Drawing the line between idea and expression is a tricky business. Judge Learned Hand noted that “[n]obody has ever been able to fix that boundary, and nobody ever can.” Nichols, 45 F.2d at 121. Thirty years later his convictions remained firm. “Obviously, no principle can be stated as to when an imitator has gone beyond copying the “idea,” and has borrowed its “expression,” “ Judge Hand concluded. “Decisions must therefore inevitably be ad hoc.” Peter Pan Fabrics, Inc. v. Martin Weiner Corp., 274 F.2d 487, 489 (2d Cir.1960).
The essentially utilitarian nature of a computer program further complicates the task of distilling its idea from its expression. See SAS Inst., 605 F.Supp. at 829;cf. Englund, at 893. In order to describe both computational processes and abstract ideas, its content “combines creative and technical expression.” See Spivack, at 755. The variations of expression found in purely creative compositions, as opposed to those contained in utilitarian works, are not directed towards practical application. For example, a narration of Humpty Dumpty's demise, which would clearly be a creative composition, does not serve the same ends as, say, a recipe for scrambled eggs which is a more process oriented text. Thus, compared to aesthetic works, computer programs hover even more closely to the elusive boundary line described in ' 102(b).
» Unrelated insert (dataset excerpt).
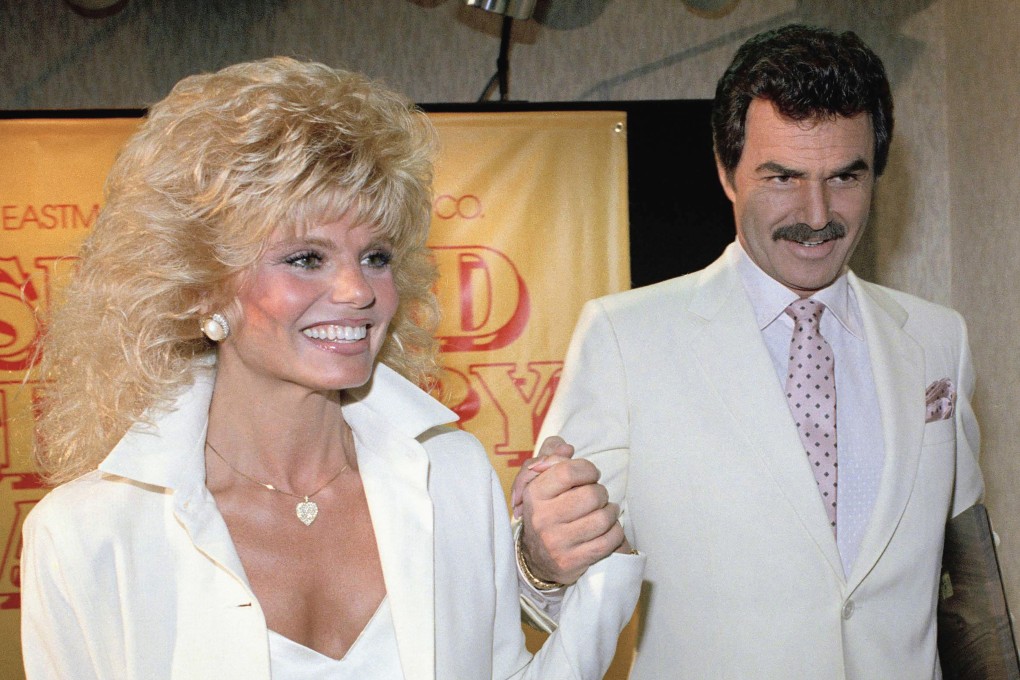 Loni Anderson and Burt Reynolds in 1987. Anderson died on Sunday at the age of 79. Photo: AP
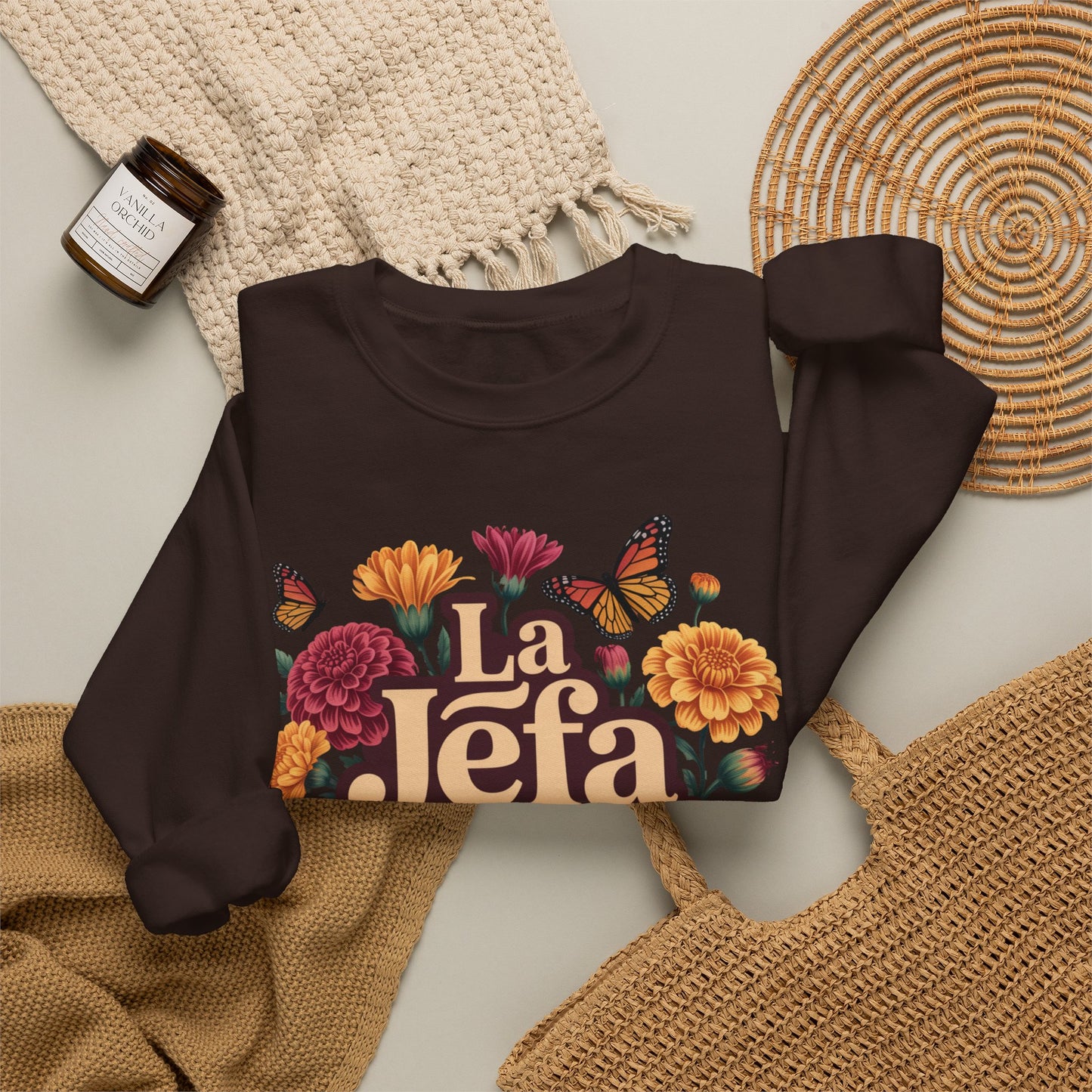 La Jefa Sweatshirt - Latina Boss Babe Gift - Mujer Fuerte Empowerment Hoodie - Feminist Gift for Her - Latina Pride Wear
The doctrinal starting point in analyses of utilitarian works, is the seminal case of Baker v. Selden, 101 U.S. 99, 25 L.Ed. 841 (1879). In Baker, the Supreme Court faced the question of “whether the exclusive property in a system of bookkeeping can be claimed, under the law of copyright, by means of a book in which that system is explained?” Id. at 101. Selden had copyrighted a book that expounded a particular method of bookkeeping. The book contained lined pages with headings intended to illustrate the manner in which the system operated. Baker's accounting publication included ledger sheets that employed “substantially the same ruled lines and headings....” Id. Selden's testator sued Baker for copyright infringement on the theory that the ledger sheets were protected by Selden's copyright.
The Supreme Court found nothing copyrightable in Selden's bookkeeping system, and rejected his infringement claim regarding the ledger sheets. The Court held that:
The fact that the art described in the book by illustrations of lines and figures which are reproduced in practice in the application of the art, makes no difference. Those illustrations are the mere language employed by the author to convey his ideas more clearly. Had he used words of description instead of diagrams (which merely stand in the place of words), there could not be the slightest doubt that others, applying the art to practical use, might lawfully draw the lines and diagrams which were in the author's mind, and which he thus described by words in his book.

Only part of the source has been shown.